# new tree farm



## jmacd (Sep 28, 2010)

Let me introduce myself. I live in upstate NY and own a excavating company. I also have some land that I am devoting to a tree farm. I am completely green so I am in the learning stages. 

What types of trees are best to plant? What other products do you see mostly sold at tree farms. I am thing landscaping supplies, hard scape's etc. Any info or advise would be appreciated. Are any of you guys doing the same thing? thanks

Are there any forums that are specific to this type of biz?


----------



## NCPABill (Sep 28, 2010)

*Welcome*

Welcome. I am a very frequent lurker here, but don't say much because I'm not an expert on much.
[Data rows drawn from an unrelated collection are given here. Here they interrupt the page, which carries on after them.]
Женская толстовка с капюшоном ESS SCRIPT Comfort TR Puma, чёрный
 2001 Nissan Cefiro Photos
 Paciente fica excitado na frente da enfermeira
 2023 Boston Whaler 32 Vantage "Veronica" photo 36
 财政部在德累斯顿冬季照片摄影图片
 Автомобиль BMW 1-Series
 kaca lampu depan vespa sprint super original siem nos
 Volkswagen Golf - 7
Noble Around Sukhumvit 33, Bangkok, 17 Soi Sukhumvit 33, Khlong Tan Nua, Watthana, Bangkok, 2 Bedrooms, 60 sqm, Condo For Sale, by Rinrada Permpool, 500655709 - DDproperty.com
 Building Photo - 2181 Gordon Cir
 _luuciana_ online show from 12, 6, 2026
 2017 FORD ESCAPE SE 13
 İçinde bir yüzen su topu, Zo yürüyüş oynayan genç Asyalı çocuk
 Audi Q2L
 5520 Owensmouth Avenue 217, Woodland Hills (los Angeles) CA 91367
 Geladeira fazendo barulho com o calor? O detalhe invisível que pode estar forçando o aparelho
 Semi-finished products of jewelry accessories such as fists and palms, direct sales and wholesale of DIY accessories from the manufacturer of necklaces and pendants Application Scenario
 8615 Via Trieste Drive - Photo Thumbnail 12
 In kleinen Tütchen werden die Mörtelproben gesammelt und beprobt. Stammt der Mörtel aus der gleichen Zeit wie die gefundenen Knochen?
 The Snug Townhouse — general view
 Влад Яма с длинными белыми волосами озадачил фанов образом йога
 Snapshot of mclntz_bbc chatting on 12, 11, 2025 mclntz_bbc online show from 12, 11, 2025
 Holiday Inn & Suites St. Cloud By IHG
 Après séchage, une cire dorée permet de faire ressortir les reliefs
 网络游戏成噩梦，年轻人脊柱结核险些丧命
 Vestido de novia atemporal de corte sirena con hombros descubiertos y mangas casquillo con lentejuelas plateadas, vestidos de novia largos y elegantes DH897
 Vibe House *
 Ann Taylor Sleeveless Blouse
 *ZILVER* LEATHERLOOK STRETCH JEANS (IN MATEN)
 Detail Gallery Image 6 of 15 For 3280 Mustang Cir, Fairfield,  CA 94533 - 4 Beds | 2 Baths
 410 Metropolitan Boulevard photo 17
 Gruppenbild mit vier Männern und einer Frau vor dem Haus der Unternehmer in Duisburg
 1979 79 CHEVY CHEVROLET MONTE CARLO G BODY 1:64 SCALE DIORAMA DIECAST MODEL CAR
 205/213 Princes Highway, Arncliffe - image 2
Where in upstate are you located? I would join the NY Christmas tree growers association for more info.

Bill


----------



## burroak (Sep 30, 2010)

The best advice would be to contact a forester in your area. Even your state forester may help.

Each tree grows better on different soils. For example, Walnut and burr oak grow best on floodplains, white oak and sugar maple like the upland soils. A forester can tell you what trees to plan and where, how dense you should plant them, when you should thing them, and a source for seedlings. Basically they know it all.


----------



## jmacd (Oct 1, 2010)

thanks for the advise. Since posting this I have spent a lot of time searching for info and have found quite a bit. The Internet is amazing when it comes to finding info! 

I think I will start with evergreens and then ornamental looking forward to another challenge.


----------



## dingeryote (Oct 3, 2010)

http://cce.cornell.edu/AG/Pages/default.aspx

Stop in or call your local extension.

They will set ya up with a bunch of info, and names of folks over that the USDA/NRCS local office, that will also help out immensely.
Lots of first time farmer programs and educational classes are available, as well as finance programs.

Also get ahold of your local Farm Bureau office.
Membership has lots of advantages, and networking is one of the best.

I wish ya luck!
Tree guys put good $ in the ground, and stare at it for years.
Normal folks go crazy doin' that sort of thing.

Stay safe!
Dingeryote


----------



## treeclimber101 (Oct 3, 2010)

Evergreens and foundation landscape plants sell well and are relatively easy grows , your shade trees sell well but require somewhat more field time , maybe consider leylands and boxwoods as a foundation and then venture into some exoctics that are worthh considerably more but are not needed to be your sole income .. I have a brother in the nursery business and he is slow this year so be ready to "invest" now so to speak.. You may also consider a YOU CUT TREE FARM they always sell out here and gives a good oppurtunity to showcase some of your other plants ..


----------



## jmacd (Oct 3, 2010)

thanks again, I will contact the extension. I have 500 Frazer fir on order for the spring. 
Any suggestions on land prep, I plan on tilling a 5 foot swath and plant trees 6 to 8 feet apart. Growing cheery and walnut sounds like a good idea in the future. 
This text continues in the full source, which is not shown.